* [Work to be completed]
Only the lines from the one containing "Infinix Note 30 1" through the end of the data are wanted, reproduced exactly and without pictures.

- Opening Delimiter -

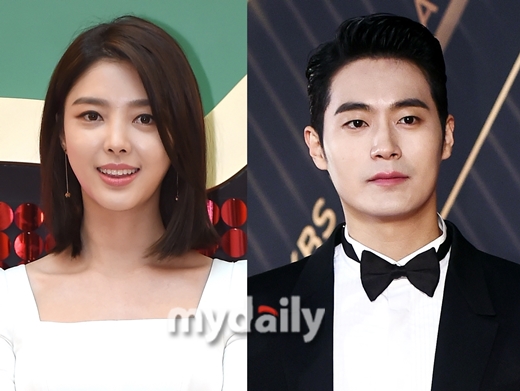 Actor Hyun-kyung Uhm (37) and Tea in the garden (real name Lee Chang-yeop and 32) announced that they are dating on the premise of marriage.On the 5th, Hyun-kyung Uhm said, Hyun-kyung Uhm is in love with Tea in the garden. Wedding ceremony is not scheduled.I will post it after the Tea in the garden However, Hyun-kyung Uhms due date and child sex, Actor privacy is difficult to confirm, he said.In addition, Aftershocks Entertainment said, Hyun-kyung Uhm, Tea in the garden The two actors became involved in the work, and after the end of the drama, they became fond of each other and developed into lovers. I promised to be a lifelong partner. Wedding ceremony is going to be posted after Tea in the garden is Discharge, he said.The two are now waiting for their precious life with care and gratitude. Hyun-kyung Uhm was born in 1986 and Tea in the garden was born in 1991 and is 5 years old.The two appeared together in MBC s second husband, which last April, and also posted a wedding ceremony as a lover.Hyun-kyung Uhm is currently reviewing his next work, and Tea in the garden joined the army in November last year and is in military service.lee leeHi!Hyun-kyung Uhm Actor agency Aftershocks Entertainment.Thank you to everyone who always sends a lot of love and attention to Hyun-kyung Uhm Actor, and I will give you an official position regarding the article of Hyun-kyung Uhm Actor.Hyun-kyung Uhm, Tea in the garden The two actors became involved in the work, and after the end of the drama, they became fond of each other, developed into lovers, and promised to become lifelong partners based on their trust and love.Wedding ceremony will be held by Actor Tea in the Garden after discharge.Among them, a new life, precious as a blessing, has come to them, and they are now waiting for their precious life with care and gratitude.I would like to express my sincere gratitude to those who always love and watch Hyun-kyung Uhm Actor, and I hope that many people will give generous encouragement and warm gaze to the future of the two actors. Thank you.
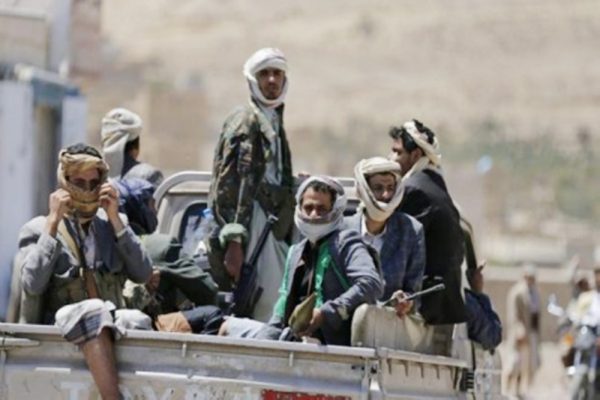 مصادر إعلامية : ميليشيا الحوثي الانقلابية تنظم دورات لتعليم الأطفال والجنود عقائدهم الطائفية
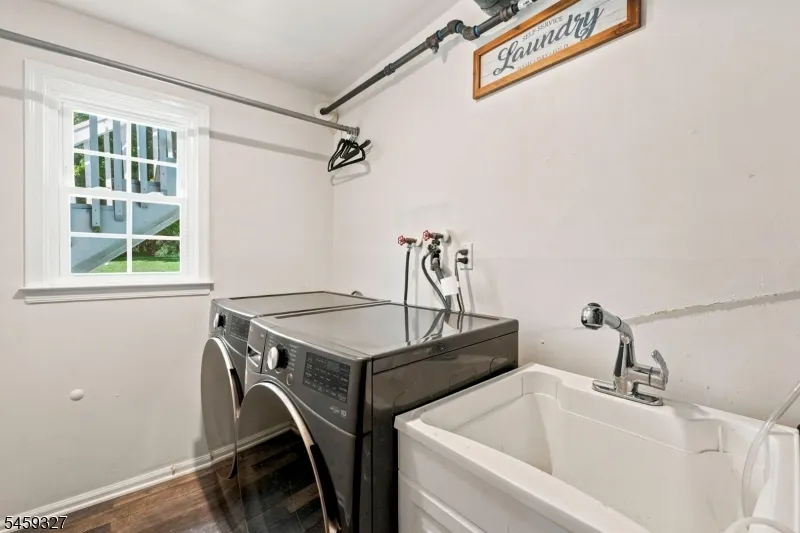 10 Darlene Ct Randolph, NJ 07869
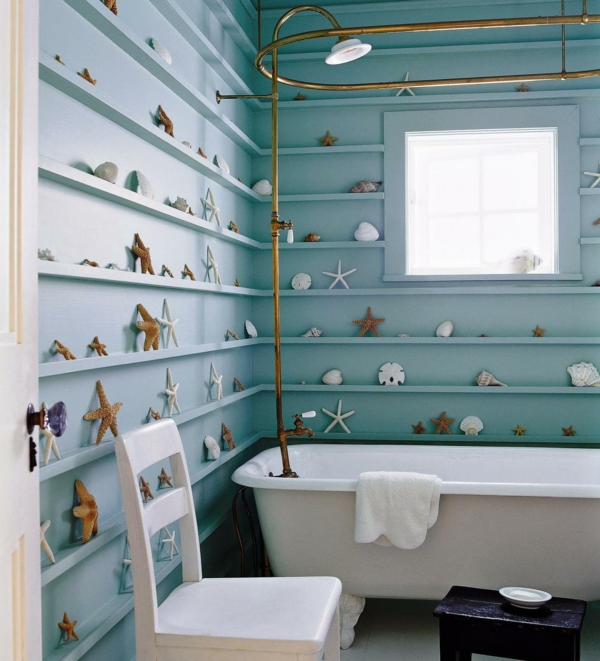 προϊόντα μπάνιου-set-up-πολλά-deco-κελύφη στον τοίχο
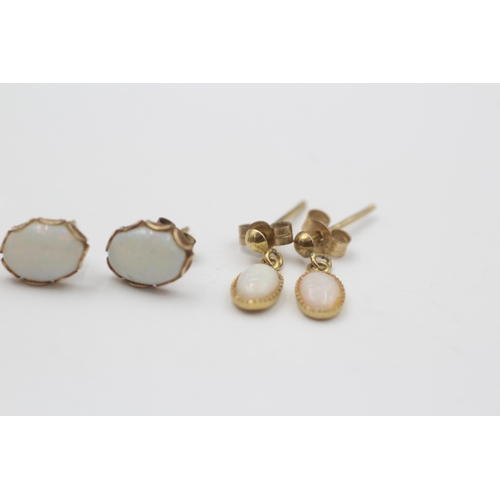 89 - 3 X 9ct Gold White Opal Earrings (2g)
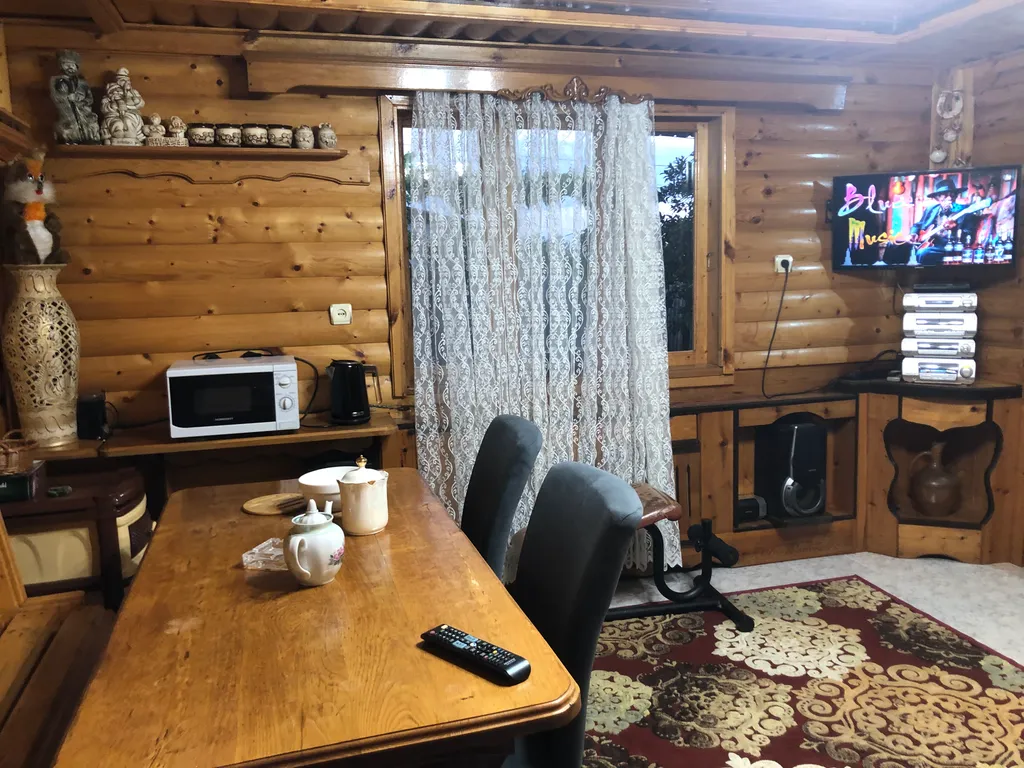 Коттедж Домик в деревне с видом на горы — Сухум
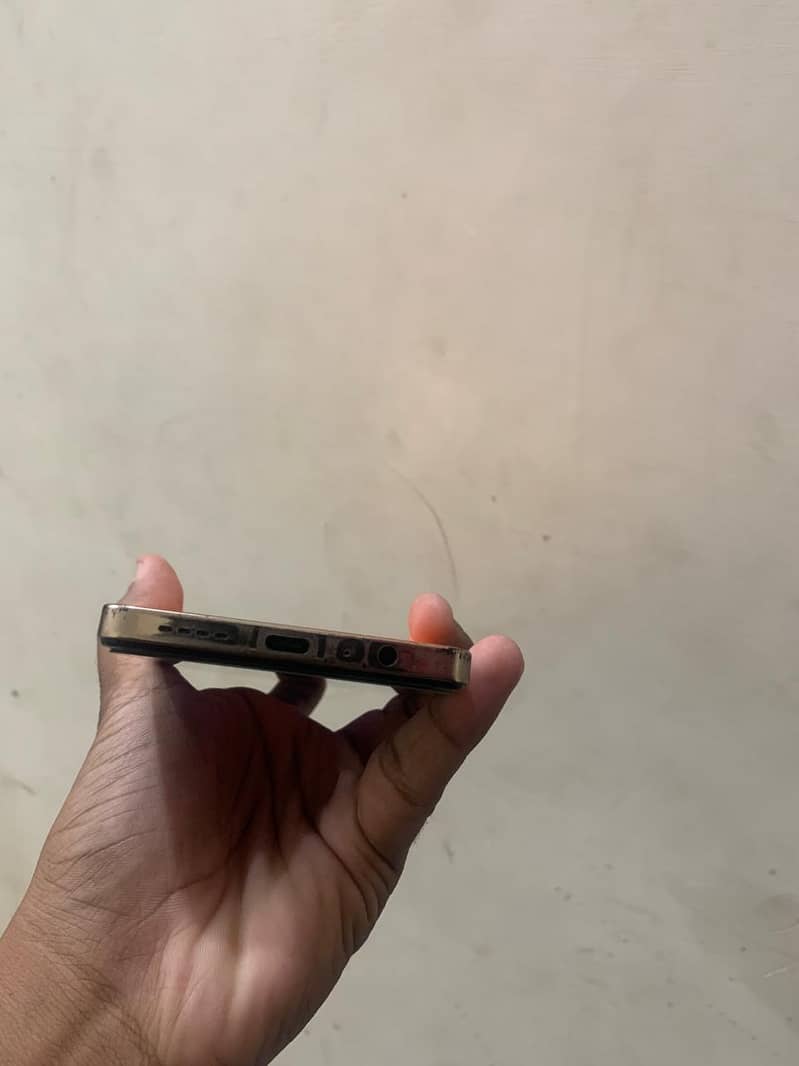 Infinix Note 30 1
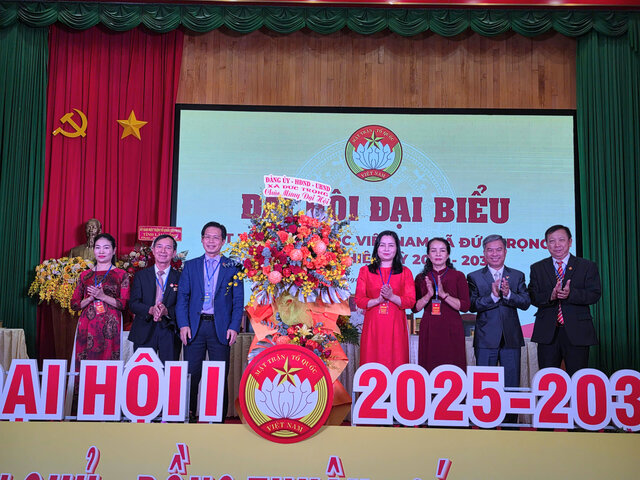 I Congreso de Diputados del Frente de la Patria de Vietnam de la comuna de Duc Trong por primera vez mandato 2025-2030. Foto: Duc Lam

- Closing Delimiter -

* [Answer area]
 Infinix Note 30 1
 I Congreso de Diputados del Frente de la Patria de Vietnam de la comuna de Duc Trong por primera vez mandato 2025-2030. Foto: Duc Lam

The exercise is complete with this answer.